* [TASK ITEM]: Your response must consist of one number: how many lines in this material contain the word "everybody".
--- RECORDS FOR THIS EXERCISE Enclosed Below ---
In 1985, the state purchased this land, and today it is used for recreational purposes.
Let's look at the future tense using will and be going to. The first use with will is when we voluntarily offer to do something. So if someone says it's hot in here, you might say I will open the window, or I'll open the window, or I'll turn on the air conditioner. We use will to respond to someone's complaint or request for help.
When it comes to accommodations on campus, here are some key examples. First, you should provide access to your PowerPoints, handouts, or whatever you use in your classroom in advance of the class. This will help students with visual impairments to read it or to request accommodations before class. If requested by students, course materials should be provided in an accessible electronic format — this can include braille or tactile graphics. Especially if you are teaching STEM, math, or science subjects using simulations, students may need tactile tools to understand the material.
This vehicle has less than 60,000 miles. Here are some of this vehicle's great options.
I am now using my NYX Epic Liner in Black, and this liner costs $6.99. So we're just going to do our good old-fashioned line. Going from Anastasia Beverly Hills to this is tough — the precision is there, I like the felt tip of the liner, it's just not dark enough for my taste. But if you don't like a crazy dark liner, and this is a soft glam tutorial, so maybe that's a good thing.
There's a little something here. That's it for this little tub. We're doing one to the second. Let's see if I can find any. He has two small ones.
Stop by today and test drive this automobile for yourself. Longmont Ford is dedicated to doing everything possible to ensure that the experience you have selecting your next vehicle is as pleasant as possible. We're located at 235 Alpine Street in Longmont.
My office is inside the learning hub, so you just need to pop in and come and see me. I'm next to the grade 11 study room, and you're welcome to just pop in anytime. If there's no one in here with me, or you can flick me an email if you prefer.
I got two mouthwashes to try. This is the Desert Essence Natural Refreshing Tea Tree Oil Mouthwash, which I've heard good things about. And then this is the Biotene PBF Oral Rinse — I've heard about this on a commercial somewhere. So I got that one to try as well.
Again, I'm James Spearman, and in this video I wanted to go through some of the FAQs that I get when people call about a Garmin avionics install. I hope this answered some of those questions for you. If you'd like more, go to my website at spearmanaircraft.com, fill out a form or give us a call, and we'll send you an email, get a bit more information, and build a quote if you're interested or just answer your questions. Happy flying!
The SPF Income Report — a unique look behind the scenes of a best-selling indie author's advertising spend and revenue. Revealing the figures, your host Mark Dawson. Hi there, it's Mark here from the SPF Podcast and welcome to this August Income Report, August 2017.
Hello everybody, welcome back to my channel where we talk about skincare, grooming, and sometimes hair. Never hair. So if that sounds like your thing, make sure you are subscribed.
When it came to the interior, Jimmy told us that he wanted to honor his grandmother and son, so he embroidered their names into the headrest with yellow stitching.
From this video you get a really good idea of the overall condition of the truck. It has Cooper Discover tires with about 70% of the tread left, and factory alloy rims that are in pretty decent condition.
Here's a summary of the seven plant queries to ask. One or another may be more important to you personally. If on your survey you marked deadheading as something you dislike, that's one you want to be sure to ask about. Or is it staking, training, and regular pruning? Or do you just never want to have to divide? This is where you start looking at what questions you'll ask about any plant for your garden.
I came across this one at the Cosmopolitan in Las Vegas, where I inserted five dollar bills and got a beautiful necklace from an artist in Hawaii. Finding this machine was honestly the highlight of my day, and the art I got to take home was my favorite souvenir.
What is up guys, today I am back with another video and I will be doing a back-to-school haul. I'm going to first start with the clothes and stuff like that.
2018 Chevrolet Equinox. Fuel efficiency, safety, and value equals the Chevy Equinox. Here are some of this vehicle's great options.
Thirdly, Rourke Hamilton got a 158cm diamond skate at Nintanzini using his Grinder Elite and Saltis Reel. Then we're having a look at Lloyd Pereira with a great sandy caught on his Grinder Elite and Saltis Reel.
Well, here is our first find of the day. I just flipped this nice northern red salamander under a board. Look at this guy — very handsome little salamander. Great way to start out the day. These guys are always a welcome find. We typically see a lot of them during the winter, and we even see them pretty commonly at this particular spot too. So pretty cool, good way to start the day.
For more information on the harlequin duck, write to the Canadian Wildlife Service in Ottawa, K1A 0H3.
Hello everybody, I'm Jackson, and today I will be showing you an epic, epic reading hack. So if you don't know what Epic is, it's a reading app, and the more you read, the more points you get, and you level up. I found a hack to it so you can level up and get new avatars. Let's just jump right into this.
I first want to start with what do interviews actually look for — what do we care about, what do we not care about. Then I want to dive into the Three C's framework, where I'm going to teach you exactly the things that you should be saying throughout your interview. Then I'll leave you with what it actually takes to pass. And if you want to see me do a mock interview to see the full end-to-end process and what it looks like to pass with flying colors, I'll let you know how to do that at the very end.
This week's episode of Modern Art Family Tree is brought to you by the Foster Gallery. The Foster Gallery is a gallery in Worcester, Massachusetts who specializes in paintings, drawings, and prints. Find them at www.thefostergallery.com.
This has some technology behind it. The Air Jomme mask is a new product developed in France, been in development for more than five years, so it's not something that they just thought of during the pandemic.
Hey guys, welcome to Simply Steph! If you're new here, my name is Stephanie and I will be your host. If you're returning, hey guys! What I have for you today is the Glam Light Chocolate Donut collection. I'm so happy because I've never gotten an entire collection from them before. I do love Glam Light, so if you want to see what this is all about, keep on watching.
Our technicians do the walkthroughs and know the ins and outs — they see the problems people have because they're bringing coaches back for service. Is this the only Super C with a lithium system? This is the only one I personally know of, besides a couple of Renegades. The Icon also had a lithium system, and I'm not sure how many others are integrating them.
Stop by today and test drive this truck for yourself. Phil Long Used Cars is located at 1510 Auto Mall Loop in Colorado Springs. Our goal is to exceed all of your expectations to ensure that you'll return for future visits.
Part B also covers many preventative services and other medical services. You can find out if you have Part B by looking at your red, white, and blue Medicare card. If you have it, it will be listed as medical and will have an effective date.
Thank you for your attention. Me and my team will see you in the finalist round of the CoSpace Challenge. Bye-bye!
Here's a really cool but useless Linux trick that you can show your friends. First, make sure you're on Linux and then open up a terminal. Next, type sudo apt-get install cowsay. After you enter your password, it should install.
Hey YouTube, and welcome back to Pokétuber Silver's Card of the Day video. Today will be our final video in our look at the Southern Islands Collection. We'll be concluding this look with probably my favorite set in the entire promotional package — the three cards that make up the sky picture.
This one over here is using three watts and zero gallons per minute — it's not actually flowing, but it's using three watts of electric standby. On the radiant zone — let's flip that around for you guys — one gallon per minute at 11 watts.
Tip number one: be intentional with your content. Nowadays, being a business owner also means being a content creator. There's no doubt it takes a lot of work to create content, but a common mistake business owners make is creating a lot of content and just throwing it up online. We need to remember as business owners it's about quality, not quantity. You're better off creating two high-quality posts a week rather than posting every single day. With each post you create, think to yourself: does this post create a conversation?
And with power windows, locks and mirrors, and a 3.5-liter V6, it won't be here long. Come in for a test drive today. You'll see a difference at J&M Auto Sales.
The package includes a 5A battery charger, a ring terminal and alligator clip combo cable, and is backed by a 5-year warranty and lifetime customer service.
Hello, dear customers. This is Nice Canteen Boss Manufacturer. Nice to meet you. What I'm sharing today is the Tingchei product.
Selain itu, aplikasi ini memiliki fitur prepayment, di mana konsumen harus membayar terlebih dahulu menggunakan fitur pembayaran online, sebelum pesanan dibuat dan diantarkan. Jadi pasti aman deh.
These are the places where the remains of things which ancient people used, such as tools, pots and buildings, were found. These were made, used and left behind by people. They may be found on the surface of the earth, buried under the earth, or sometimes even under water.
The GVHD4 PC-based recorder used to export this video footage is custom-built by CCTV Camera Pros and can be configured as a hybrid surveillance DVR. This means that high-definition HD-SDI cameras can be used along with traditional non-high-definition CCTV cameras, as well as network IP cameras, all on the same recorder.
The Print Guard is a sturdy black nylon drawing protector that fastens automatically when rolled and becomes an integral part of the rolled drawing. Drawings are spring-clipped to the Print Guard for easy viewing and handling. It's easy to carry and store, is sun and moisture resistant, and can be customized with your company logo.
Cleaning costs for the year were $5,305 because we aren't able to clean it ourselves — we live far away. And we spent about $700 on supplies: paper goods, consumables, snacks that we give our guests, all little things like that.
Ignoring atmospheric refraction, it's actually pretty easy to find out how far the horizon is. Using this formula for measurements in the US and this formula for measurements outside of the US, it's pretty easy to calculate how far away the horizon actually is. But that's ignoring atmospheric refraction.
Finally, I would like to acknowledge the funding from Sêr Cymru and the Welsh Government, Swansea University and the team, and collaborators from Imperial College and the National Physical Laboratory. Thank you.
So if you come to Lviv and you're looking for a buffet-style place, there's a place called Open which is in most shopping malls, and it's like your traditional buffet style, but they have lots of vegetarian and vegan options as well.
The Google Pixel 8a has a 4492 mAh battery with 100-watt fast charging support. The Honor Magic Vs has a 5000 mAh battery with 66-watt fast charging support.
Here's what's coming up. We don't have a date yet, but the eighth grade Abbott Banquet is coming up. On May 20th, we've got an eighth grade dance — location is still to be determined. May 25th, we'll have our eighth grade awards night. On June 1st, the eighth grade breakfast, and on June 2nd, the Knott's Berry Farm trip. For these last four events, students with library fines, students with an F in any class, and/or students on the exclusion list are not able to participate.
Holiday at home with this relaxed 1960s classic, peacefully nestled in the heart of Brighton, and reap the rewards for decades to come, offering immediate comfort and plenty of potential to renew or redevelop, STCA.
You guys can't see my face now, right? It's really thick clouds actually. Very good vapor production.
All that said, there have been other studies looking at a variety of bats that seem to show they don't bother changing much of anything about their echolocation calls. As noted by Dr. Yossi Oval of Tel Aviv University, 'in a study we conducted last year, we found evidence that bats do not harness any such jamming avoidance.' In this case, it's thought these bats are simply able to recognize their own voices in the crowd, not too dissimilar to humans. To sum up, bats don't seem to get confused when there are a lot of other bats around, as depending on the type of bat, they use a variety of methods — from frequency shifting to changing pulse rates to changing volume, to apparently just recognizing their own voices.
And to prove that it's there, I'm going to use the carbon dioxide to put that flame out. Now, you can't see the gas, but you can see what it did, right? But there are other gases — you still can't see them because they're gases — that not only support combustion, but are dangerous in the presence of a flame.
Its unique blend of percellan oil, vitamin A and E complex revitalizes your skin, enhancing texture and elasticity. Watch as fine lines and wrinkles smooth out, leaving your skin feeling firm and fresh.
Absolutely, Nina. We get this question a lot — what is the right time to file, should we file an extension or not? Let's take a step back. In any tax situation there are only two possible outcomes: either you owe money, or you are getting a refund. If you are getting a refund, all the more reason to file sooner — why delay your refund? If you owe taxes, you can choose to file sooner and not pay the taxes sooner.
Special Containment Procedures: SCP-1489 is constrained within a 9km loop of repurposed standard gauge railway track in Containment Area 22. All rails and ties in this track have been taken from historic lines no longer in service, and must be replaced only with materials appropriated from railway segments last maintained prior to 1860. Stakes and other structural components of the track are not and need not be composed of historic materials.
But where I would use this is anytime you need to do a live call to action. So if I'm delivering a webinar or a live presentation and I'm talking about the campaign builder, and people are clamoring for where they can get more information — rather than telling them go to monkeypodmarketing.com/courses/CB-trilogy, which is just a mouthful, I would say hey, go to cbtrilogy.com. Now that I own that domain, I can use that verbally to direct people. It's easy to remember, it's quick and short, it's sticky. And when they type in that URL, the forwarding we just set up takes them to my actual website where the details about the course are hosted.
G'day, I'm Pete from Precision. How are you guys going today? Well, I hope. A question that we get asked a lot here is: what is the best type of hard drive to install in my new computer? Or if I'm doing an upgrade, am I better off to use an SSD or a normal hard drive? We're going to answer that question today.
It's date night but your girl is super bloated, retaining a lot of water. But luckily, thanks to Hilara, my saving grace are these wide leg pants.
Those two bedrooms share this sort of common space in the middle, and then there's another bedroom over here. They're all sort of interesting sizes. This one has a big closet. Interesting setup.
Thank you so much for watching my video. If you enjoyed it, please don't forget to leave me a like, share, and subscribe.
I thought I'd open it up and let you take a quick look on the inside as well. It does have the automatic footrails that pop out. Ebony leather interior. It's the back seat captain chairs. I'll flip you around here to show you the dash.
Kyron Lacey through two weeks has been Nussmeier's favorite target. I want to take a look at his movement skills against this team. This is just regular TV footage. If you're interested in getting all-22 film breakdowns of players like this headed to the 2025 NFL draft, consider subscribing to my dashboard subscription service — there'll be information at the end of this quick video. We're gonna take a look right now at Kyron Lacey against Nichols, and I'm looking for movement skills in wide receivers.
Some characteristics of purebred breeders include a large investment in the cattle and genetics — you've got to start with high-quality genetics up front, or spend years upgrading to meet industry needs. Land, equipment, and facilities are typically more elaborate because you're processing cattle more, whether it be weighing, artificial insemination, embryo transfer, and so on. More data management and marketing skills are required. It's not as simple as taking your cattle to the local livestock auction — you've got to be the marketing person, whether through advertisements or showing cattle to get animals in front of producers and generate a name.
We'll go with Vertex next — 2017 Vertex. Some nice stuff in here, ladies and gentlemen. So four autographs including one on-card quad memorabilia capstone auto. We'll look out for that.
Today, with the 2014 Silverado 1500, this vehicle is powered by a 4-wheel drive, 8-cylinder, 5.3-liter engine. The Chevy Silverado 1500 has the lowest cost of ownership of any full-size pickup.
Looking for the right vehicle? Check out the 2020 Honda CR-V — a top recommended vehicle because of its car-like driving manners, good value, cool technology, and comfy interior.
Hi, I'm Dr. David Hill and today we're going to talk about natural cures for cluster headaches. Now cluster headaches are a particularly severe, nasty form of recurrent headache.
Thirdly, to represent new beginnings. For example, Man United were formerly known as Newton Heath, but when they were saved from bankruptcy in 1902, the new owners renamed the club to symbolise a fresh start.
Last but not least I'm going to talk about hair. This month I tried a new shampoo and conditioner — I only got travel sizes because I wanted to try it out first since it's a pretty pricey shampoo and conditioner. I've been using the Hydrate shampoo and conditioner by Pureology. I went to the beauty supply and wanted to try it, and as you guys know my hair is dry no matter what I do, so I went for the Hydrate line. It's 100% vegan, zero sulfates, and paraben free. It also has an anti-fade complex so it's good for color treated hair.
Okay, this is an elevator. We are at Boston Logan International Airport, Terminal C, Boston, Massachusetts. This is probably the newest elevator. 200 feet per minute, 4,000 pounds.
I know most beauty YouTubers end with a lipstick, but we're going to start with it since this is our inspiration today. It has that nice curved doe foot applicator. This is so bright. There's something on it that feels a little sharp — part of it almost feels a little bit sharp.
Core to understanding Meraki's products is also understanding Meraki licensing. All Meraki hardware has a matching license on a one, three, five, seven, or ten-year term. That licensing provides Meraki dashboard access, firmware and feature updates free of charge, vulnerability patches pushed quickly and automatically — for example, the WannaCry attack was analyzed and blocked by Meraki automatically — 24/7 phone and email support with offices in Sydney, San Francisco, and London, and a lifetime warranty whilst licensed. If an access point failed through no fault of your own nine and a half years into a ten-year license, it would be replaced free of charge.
--- End of Enclosed RECORDS FOR THIS EXERCISE ---
* [OUTPUT OF THE TASK]: 2